Textbook:Topology, Second Edition, by James R. Munkres
Class Participation - 5%, Midterm - 30%, Homework - 35%, Final Exam - 30%. The grading scale will be the standard 10 percentage point scale, so that a final score of 93 or higher is an A, 90-92 is an A-, 87-89 is a B+, 83-86 is a B, 80-82 is a B-, 77-79 is a C+, 73-76 is a C, 70-72 is a C-, etc.
Attendance & Lecture Policy:It is expected that you attend all lectures, with exceptions minimized. It is greatly appreciated when you are on time. Please do your best to stay awake and attentive during lecture, please do not email or text during lecture, and keep all cell phones/hand held devices/laptops put away during lecture. While it is understandable that you may miss a lecture here and there, or be sleepy in class once in awhile, repeated absences, late arrivals, naps, or general non-attentiveness will negatively affect your class participation score.

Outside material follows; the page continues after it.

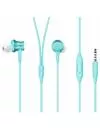 Наушники Xiaomi Mi In-Ear Headphones Basic HSEJ03JY Turquoise icon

Prerequisites: Math 311 Elementary Analysis. It is extremely important to have a thorough knowledge of the topics from Math 214 Foundations of Mathematics. While Math 307 Abstract Algebra is not a prerequisite, we may need the notion of a group for the very last part of the course. It is fully expected that you can write clear proofs without issues, and for this reason another proof-based course like Math 307 is helpful to have prior to this class.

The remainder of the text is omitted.